→ **TASK PROMPT**:
Only the stretch below from the line holding "Spigen Ultra Hybrid" through the line holding "韩国代购 New Balance1906液态银男女鞋休闲复古NB跑步运动老爹鞋" should be restated, word for word and with both ends included; pictures stay out.

→ **INFORMATION SHOWN**:

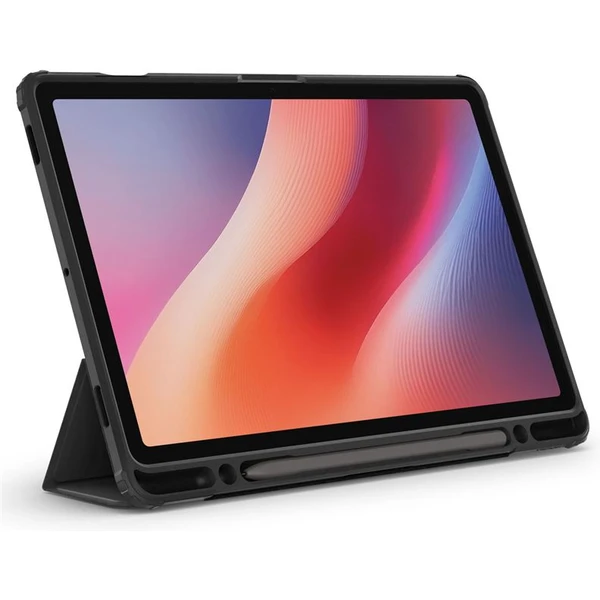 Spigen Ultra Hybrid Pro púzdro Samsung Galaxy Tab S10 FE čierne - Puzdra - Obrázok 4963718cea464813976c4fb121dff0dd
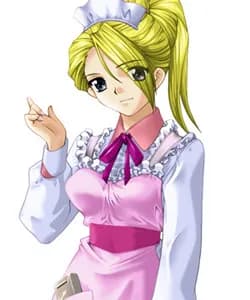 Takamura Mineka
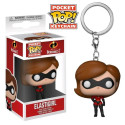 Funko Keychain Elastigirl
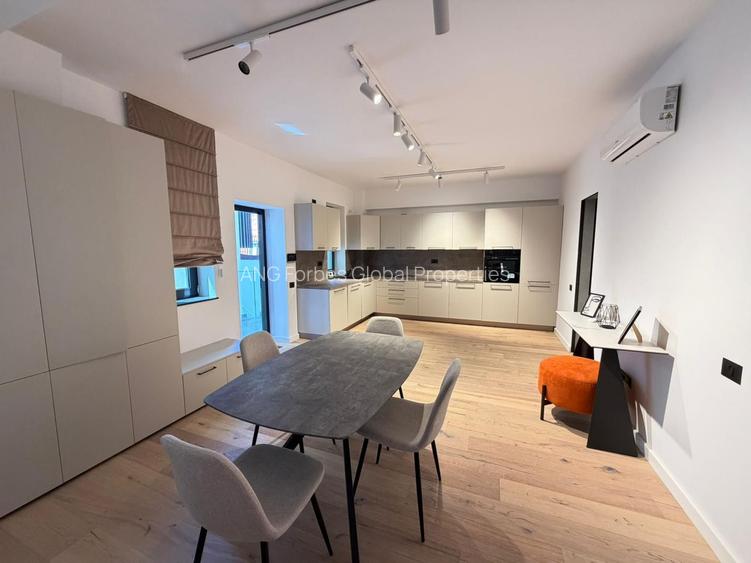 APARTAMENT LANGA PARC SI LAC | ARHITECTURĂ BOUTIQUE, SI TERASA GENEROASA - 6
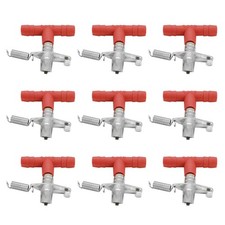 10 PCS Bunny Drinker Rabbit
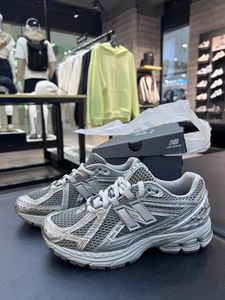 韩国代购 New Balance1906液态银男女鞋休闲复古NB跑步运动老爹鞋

---

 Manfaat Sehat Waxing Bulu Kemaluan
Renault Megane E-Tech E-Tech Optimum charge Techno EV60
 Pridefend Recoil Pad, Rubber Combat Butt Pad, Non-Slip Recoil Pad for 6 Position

→ **OUTPUT OF THE TASK**:
 Spigen Ultra Hybrid Pro púzdro Samsung Galaxy Tab S10 FE čierne - Puzdra - Obrázok 4963718cea464813976c4fb121dff0dd
 Takamura Mineka
 Funko Keychain Elastigirl
 APARTAMENT LANGA PARC SI LAC | ARHITECTURĂ BOUTIQUE, SI TERASA GENEROASA - 6
 10 PCS Bunny Drinker Rabbit
 韩国代购 New Balance1906液态银男女鞋休闲复古NB跑步运动老爹鞋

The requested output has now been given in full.